3. Identify your feelings
The best way out is always through.
Robert Frost
Calm anxiety before eating, rather than eating to calm anxiety. Easier said than done, right?
This can be tricky since hunger makes anxiety worse. Anxiety can also be one of the early signs of hunger. It gets complicated very quickly!
Our ancestors needed to be on the lookout for food; they might have been a little edgy about it, so when it was available, they would find it and eat it. Although food is abundant, this early survival mechanism kicks in when hunger is ignored, and you may become a little edgy, too.
Help yourself to slow down. Do your best anxiety-reducing techniques, a few deep breaths, a little calming yoga, a short mindfulness meditation for 2–5 minutes, and then eat a balanced meal or snack. The food will wait.
Anxiety or worry is one of the most frequent feelings that leads to stress eating. Eating is something to do; it takes your mind off of the issue and depending on the food, your brain will be stimulated to release calming brain chemicals.
The way through this is to identify the feeling, pinpoint its cause as best you can and take one simple step toward your future free from stress eating.
Sometimes this means making an action plan and other times it means reassuring yourself and creating a peaceful environment when you’ve done all you can.
Increase your awareness of the feelings you experience most often. Emotional awareness is your guide to stopping eating stress and preventing it from happening.
Knowing what’s going on inside gives you options for better self-care.
Stress eating is no longer a distraction from what’s bothering you, you know and you have a choice in managing yourself.
4. Leave morality out of your food choices
Having a healthy relationship with food means you are not morally superior or inferior based on your eating choices.
Evelyn Tribole
Food is not sinful! How many foods are described as sinfully delicious?
How often have you heard, usually at dessert time, “We’re being so bad tonight?”
What if we accepted that our bodies enjoy pleasurable experiences like eating good food?
Acceptance in the total sense means honoring your desire for pleasurable experiences with food, non-judgmentally.
When you accept that you’re an eater who enjoys eating, you’ll also accept that you sometimes need fuel. You can accept when fuel is primary and enjoyment second since you can trust that there are times when you’ll eat purely for pleasure, too.
Eating for fuel only.
You have a big meeting at two o’clock and it’s essential to have a balanced lunch at noon, so you’re fueled, thinking clearly and on your game. Your priority is reviewing your notes and getting fuel. That’s okay some of the time.
I was eating just for pleasure.
Think about birthday cake or special foods you only have at holiday celebrations. These foods and the ritual of eating them symbolize the importance of the moment, your family traditions and culture.
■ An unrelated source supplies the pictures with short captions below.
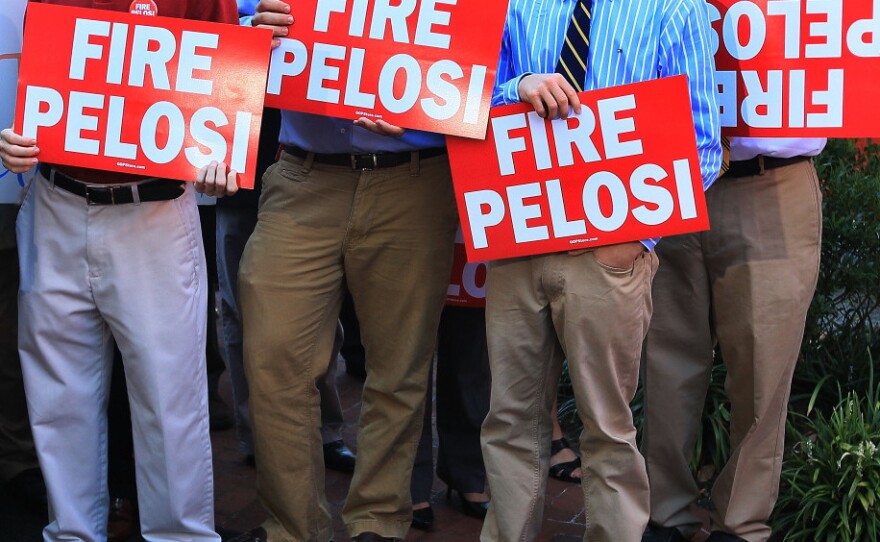 Capitol Hill staffers hold signs while participating in the launching of the RNC-sponsored "Fire Pelosi" bus tour last September in Washington. The former House speaker says she doesn't have time to worry about the attacks on her. "You just have to decide," she says. "Do I care about that, or do I care about getting a job done?"
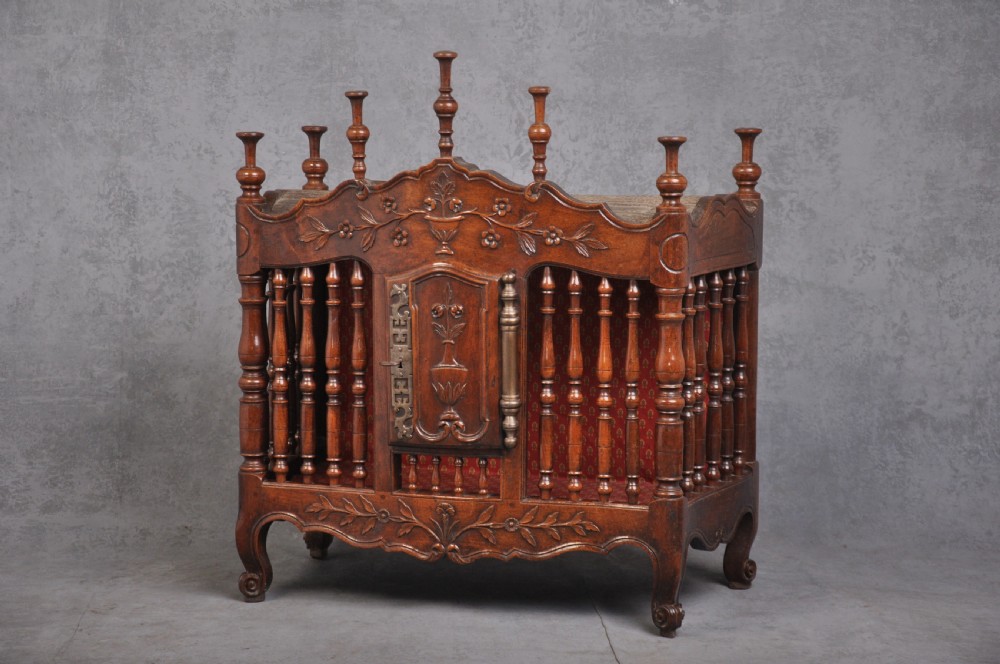 An 18th-century carved walnut French panettiere featuring turned wooden spindles, a central door with carved urn motifs, top finials, and short cabriole legs.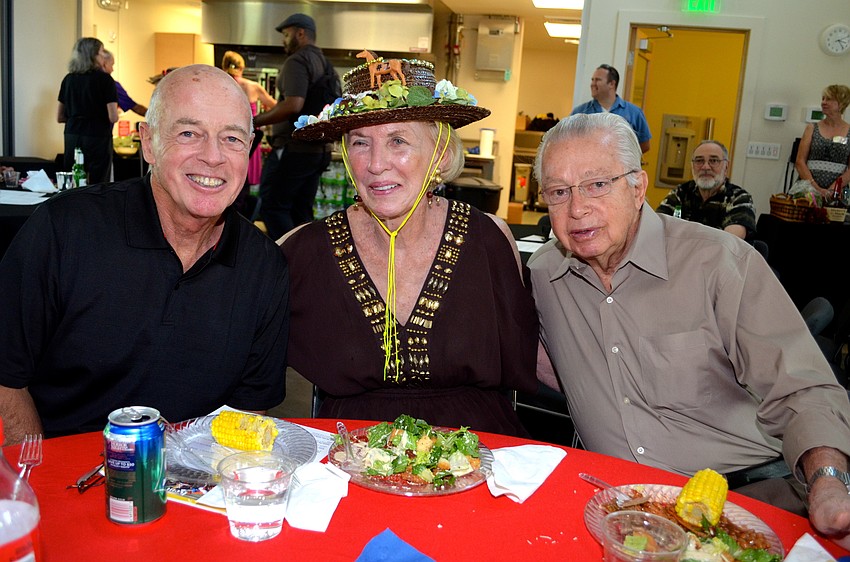 John McDermott shares laughs with his friends, Veronica and George Sengiel.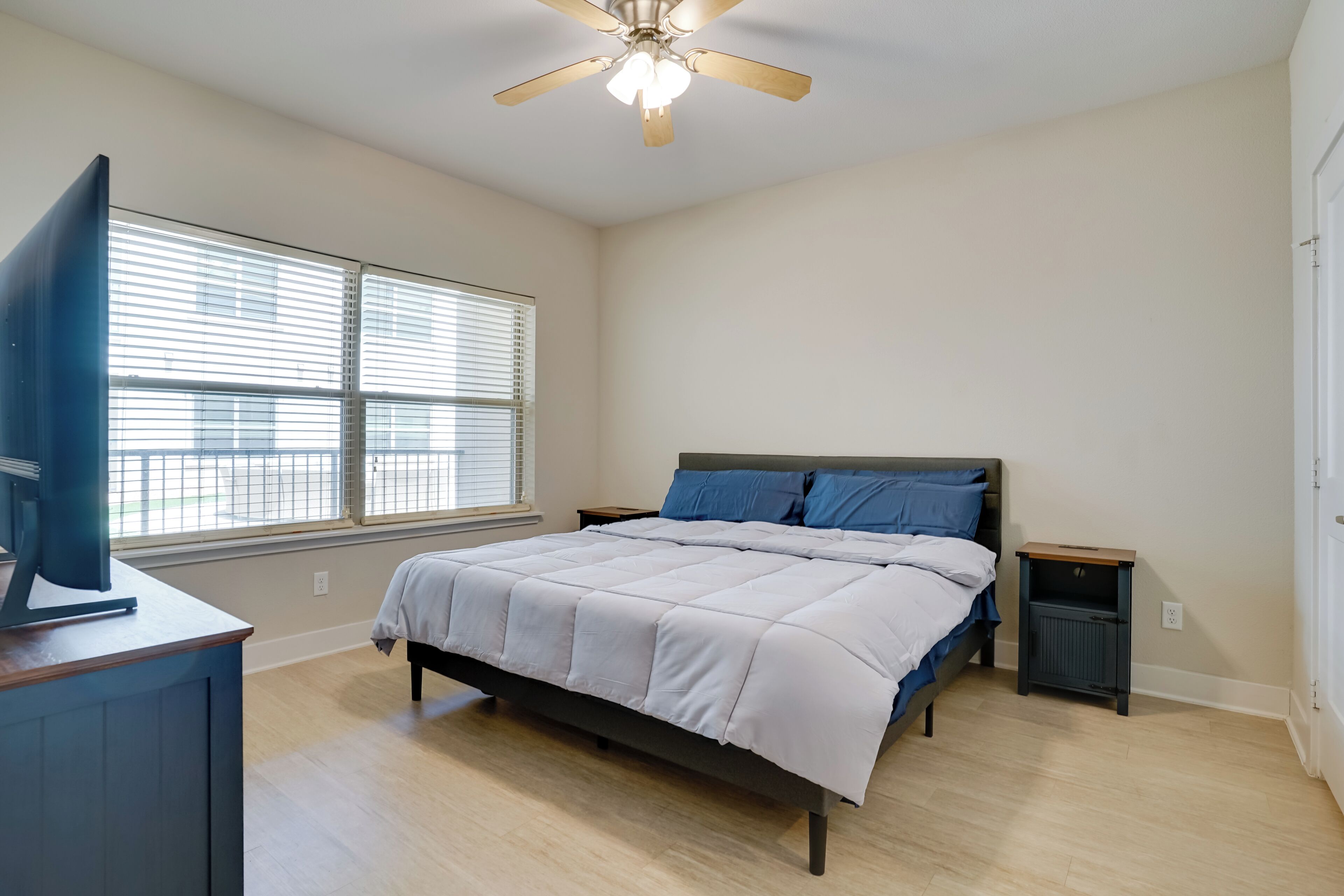 Un dormitorio con cama, televisor sobre un mueble bajo, ventilador de techo y ventana con persianas.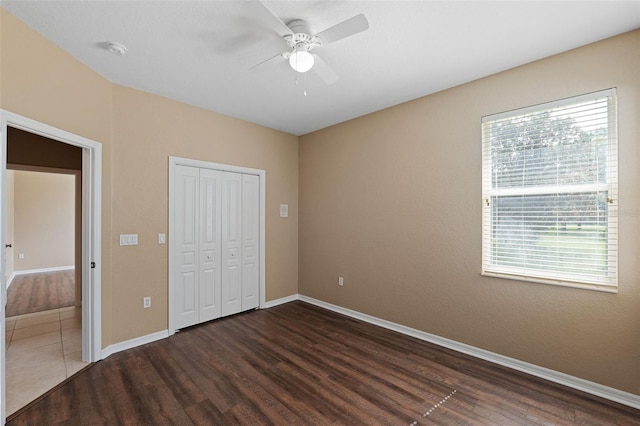 unfurnished bedroom with ceiling fan, multiple windows, and dark wood-type flooring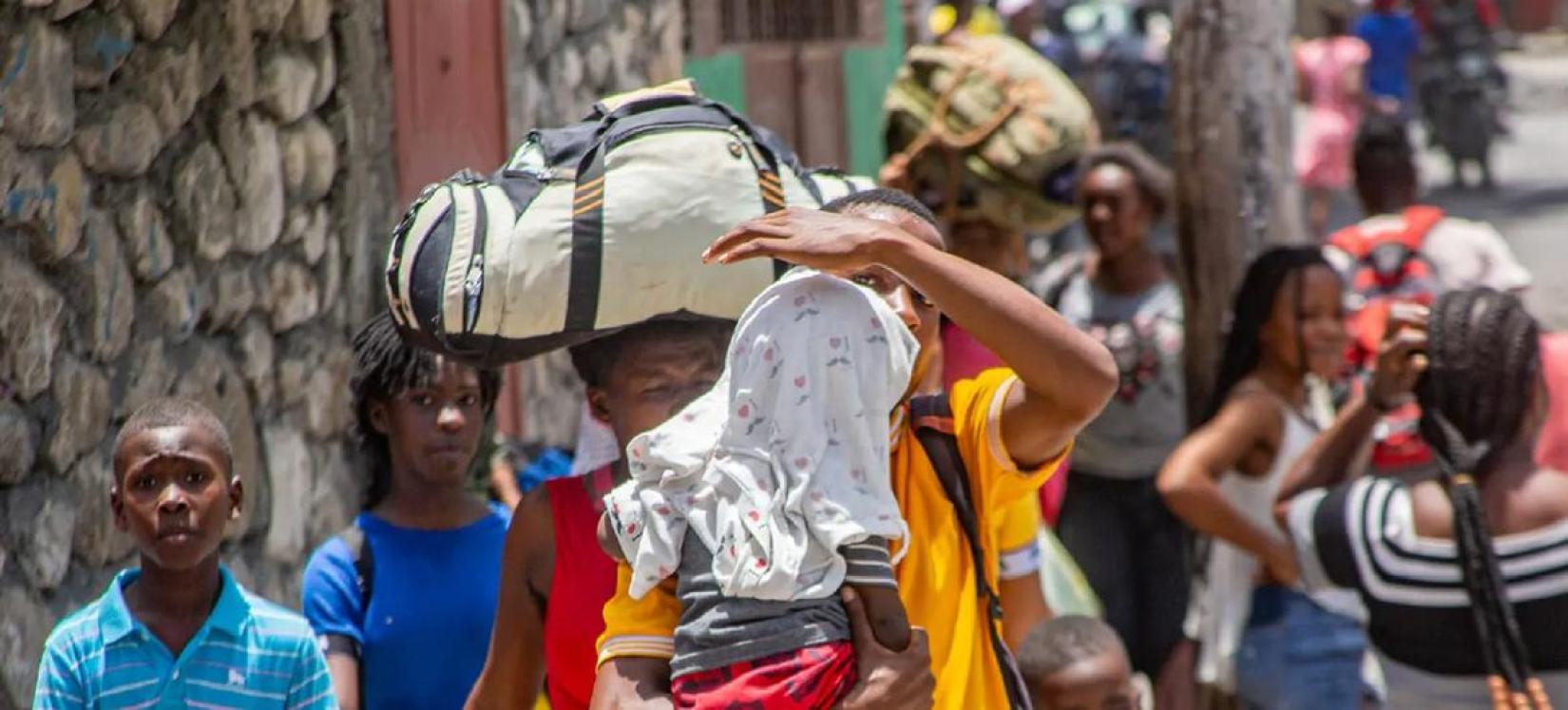 Displaced by escalating violence, families in Haiti carry their belongings as they flee their homes in search of safety.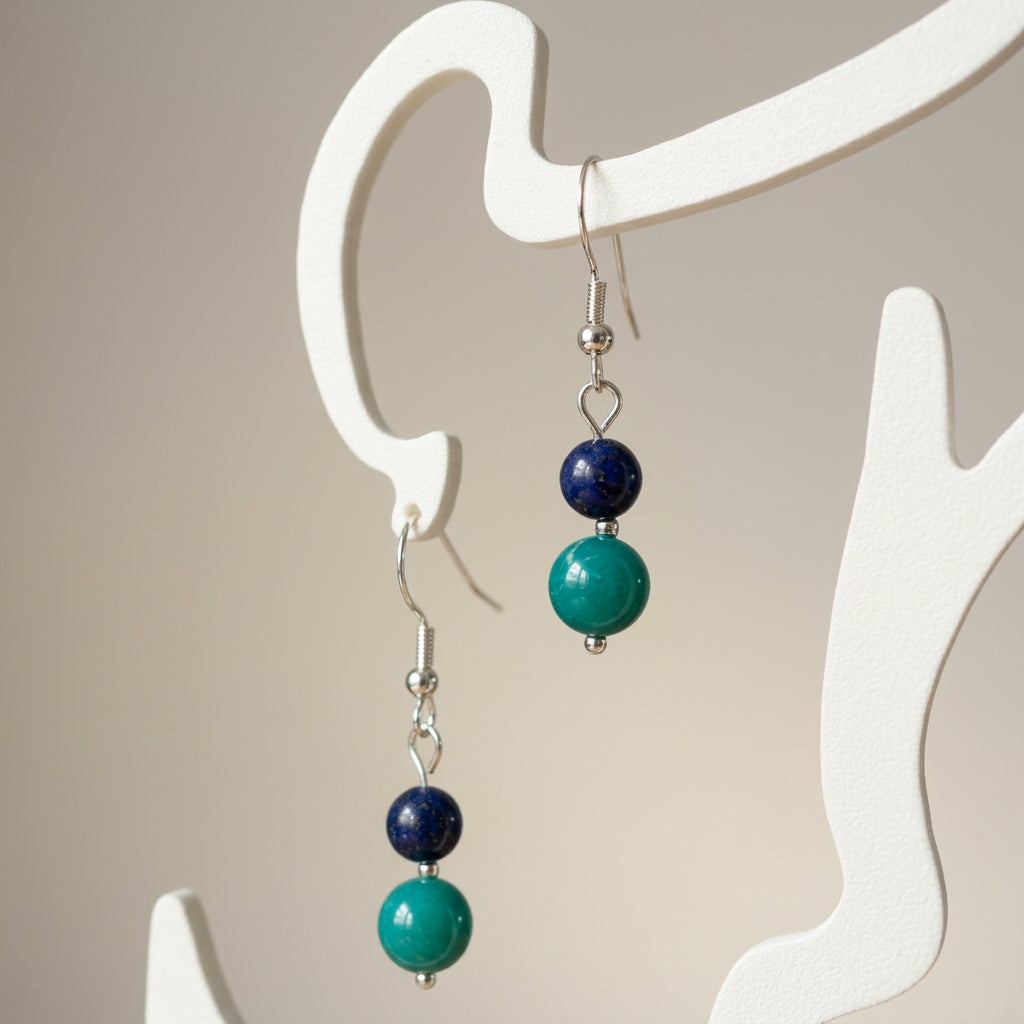 Lapis lazuli and Hubei turquoise drop earrings hanging from a cream display stand on sterling silver hooks.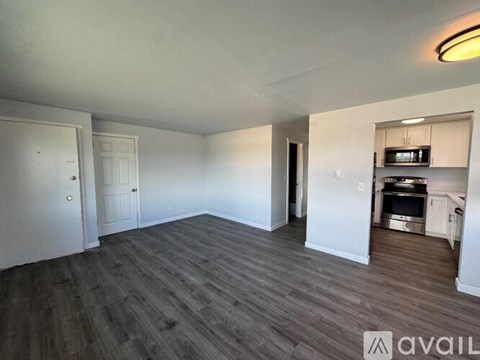 A spacious living area with a kitchenette and hardwood flooring.
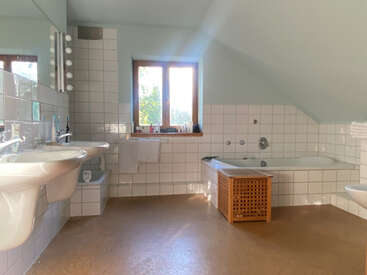 Este banheiro espaçoso tem pias duplas, uma banheira com azulejos brancos, uma janela de madeira, luz natural, um cesto de vime, espelhos e um design clean e moderno.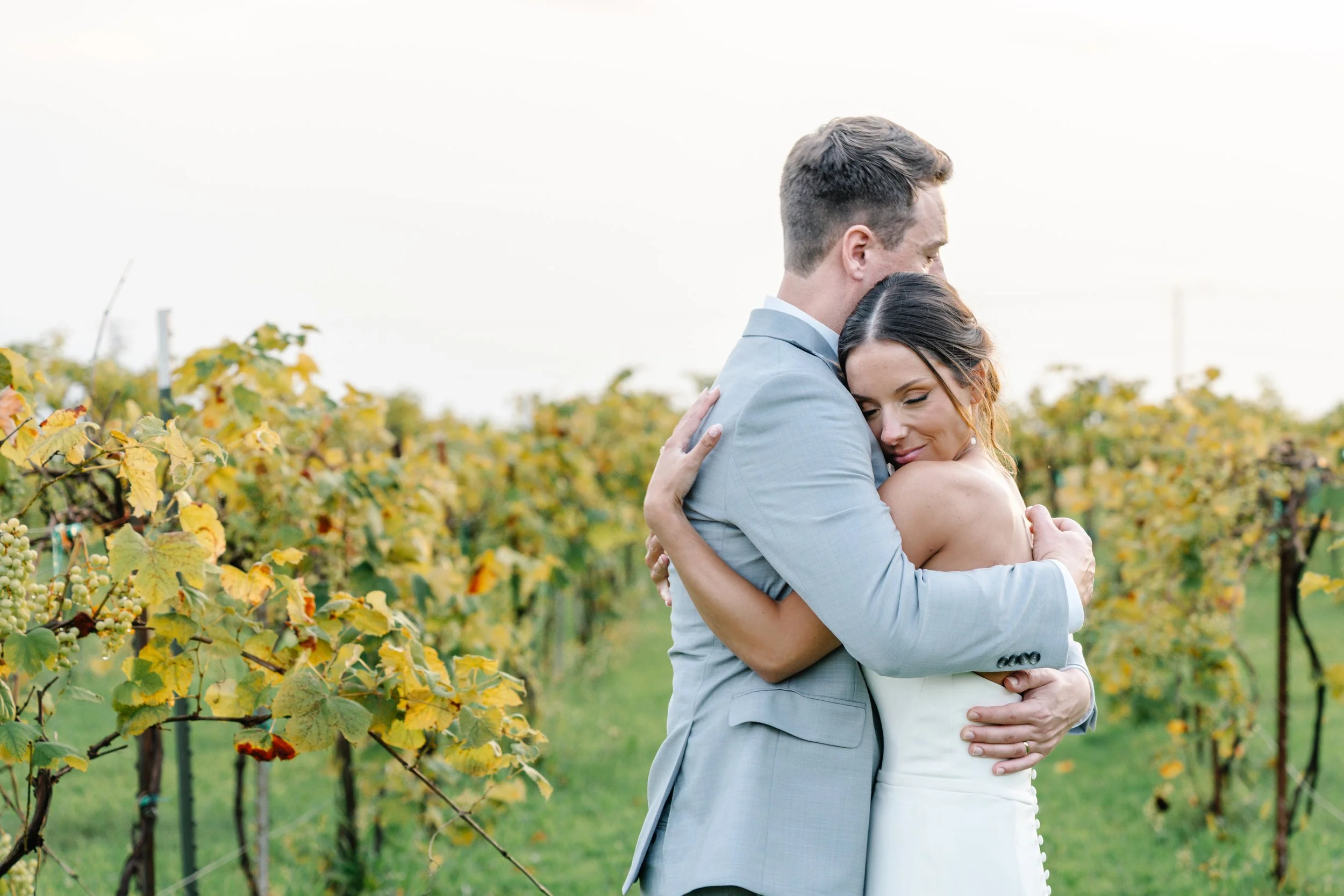 A newlywed couple embracing in a vineyard with green and yellow grapevine leaves in the background.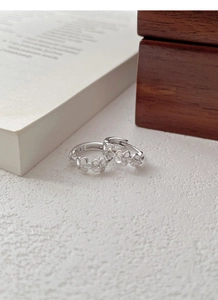 Close-up of S925 sterling silver flower earrings showing the hallmark stamp details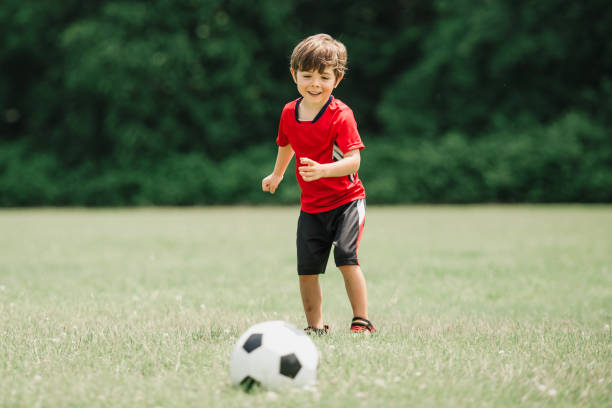 istock Young soccer player having fun on a field with ball 1560531710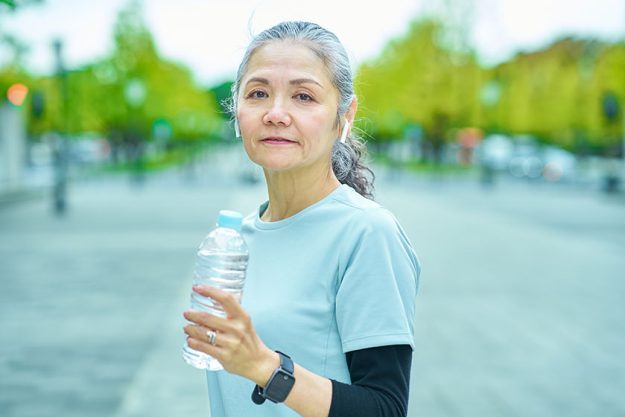 senior woman drinking water plastic bottle outdoors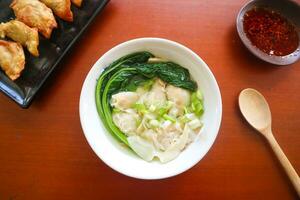 wonton soup. Bowl of wonton soup with chili oil. Shrimp or meat dumpling soup with mustard , green onions, photo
Foods have different nutritional values, not different moral values. Eat well and enjoy.
5. Seek connection instead of stress eating
Love is not something we give or get; it is something that we nurture and grow. It’s a connection that can only be cultivated between two people when it exists within each one of them — we can only love others as much as we love ourselves.
Brene Brown
Stress eating can motivate reconnecting with someone, a memory, thought, or feeling.
If you’re craving a specific food, ask yourself, is it the memory or person you want to connect with?
Is the food a way to make it happen, or would you get your needs met by a conversation, planning a visit, or making dinner plans with a friend or family member?
Stress eating is the pathway to the relationship you want to experience. The problem is that stress eating can’t help you connect how you want or need to communicate with others or yourself.
Increasing your awareness of stress eating and the feelings that led you there is the way to move toward what you need. Awareness can help you refocus from the food obsession to the relationship and you can get your needs met.
These five actions will move you further down the road to what you want so you can stop stress eating more than any diet ever could. You have the answers you need right inside you. I hope that the tools above will help you discover them!